Friday 6 February 2015

Winter Landscapes, Winter Farming

My 300th posting! and as so often the weather will feature! It is soooo cold, but dry and today it was sunny so really a lovely day. There is still ice around and tiny pockets of snow with the top fields looking as though someone has gone over them with sugar sifter.

We recieved an email from an old friend today who grew up here on the farm & is now warden of the RSPB bird reserve on the Dyfi estuary in Ceredigion & he sent a beautiful description of winter on the estuary & his memories of Penyrallt in winter;

'It is a spectacularly beautiful, brilliantly sunlit day. Frost is suspended in slow moving curtains across the valley, creating an icy haze. Frost crystals suspended on wind bleached strands of sedge and molinia tall grasses, shiver to create the most exquisite delicate musical notes. Deep frost covers all saltings; Sheet ice covers all tidal scrapes and pools and ice begins to form up on all river shallows,and gravel bed fringes at lowest tidal ebb.
We have lost our earlier overwintering 400+ Barnacle geese; they have moved on but our Goldeneye, Teal, fewer Pintail, Little Grebes and Egrets, three pairs of Kites, Wigeon and Greylags provide daily company.

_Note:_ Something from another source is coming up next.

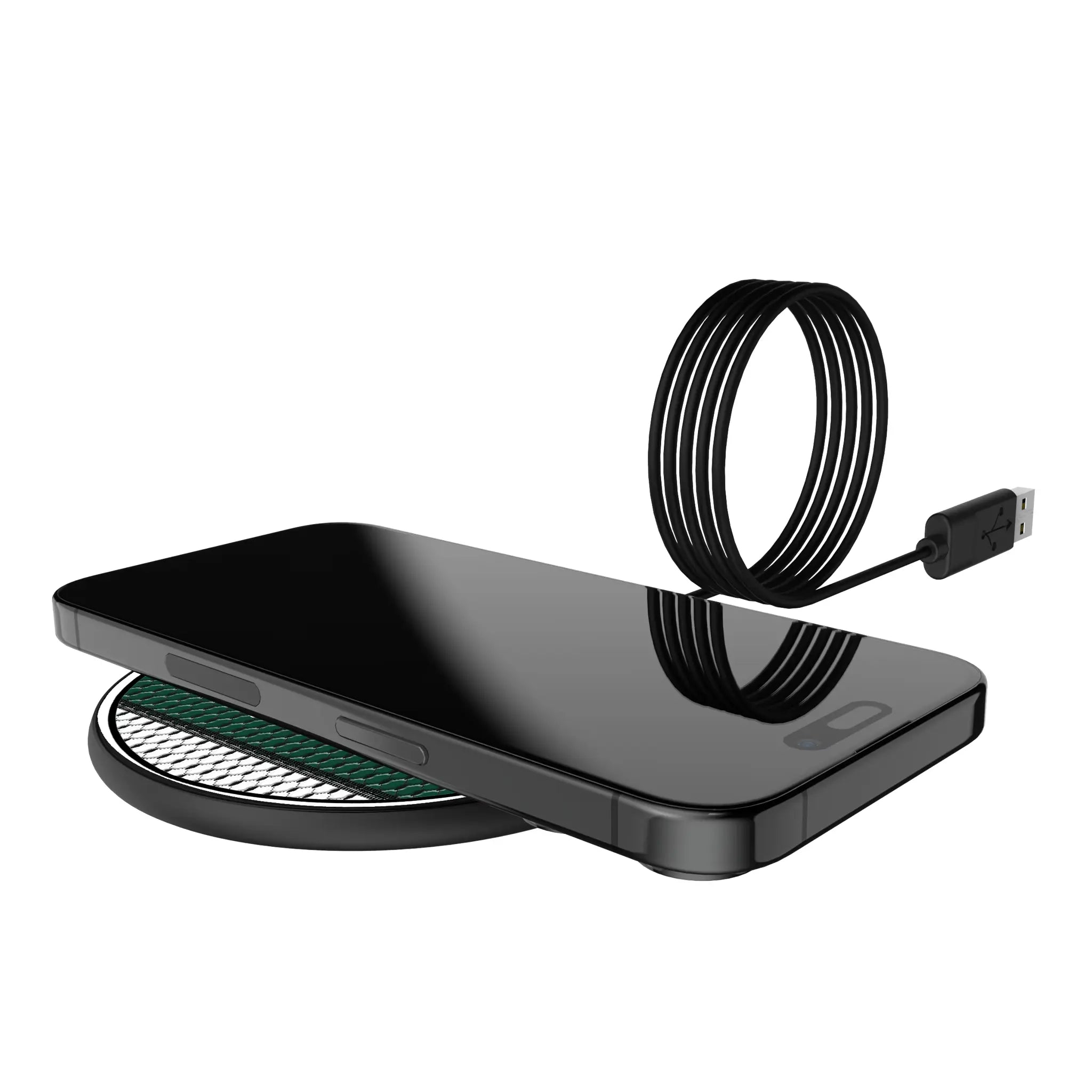 Ohio University Bobcats Mesh 15-Watt Wireless Charger - Lifestyle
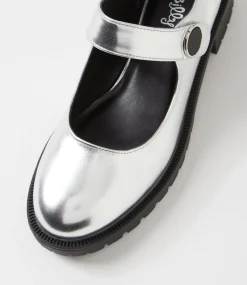 Women I LOVE BILLY Heels-Iredele Silver Heels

On beautiful, hazy frosty days such as this, my mind often drifts southward only to settle and relive again those magnificent landscapes across fields and wooded slopes and secret track-way from Penrallt Home Farm, leading down to the Siedi. The bouquet of your oak woods in November and the magical "silence" of your land when under deep snow. The utterly spellbinding discovery of "Roding" male Woodcock in airborne courtship display at dusk, in spring and early summer, over your woods in that shallow valley between you and neighbouring Mountain Farm, are all deeply embedded with permanence.'

After that lovely lyricism back to bald agricultural realities; The last couple of days have seen proper winter farming activity with the spreading of slurry on the fields. Big tractors take long pipes out to the fields. This pipe system is know as the umbilical cord and the pipes are filled by a tractor-mounted pump standing by the slurry lagoon. The slurry then is sprayed onto the fields which in this dry weather means it can seep into the ground distributing the invaluable nutrients to enrich the soil & encourage good grass growth which is so important to our organic system. Nutrient rich soil is the key to a healthy organic system which in its turn is the key to nutritionally rich food.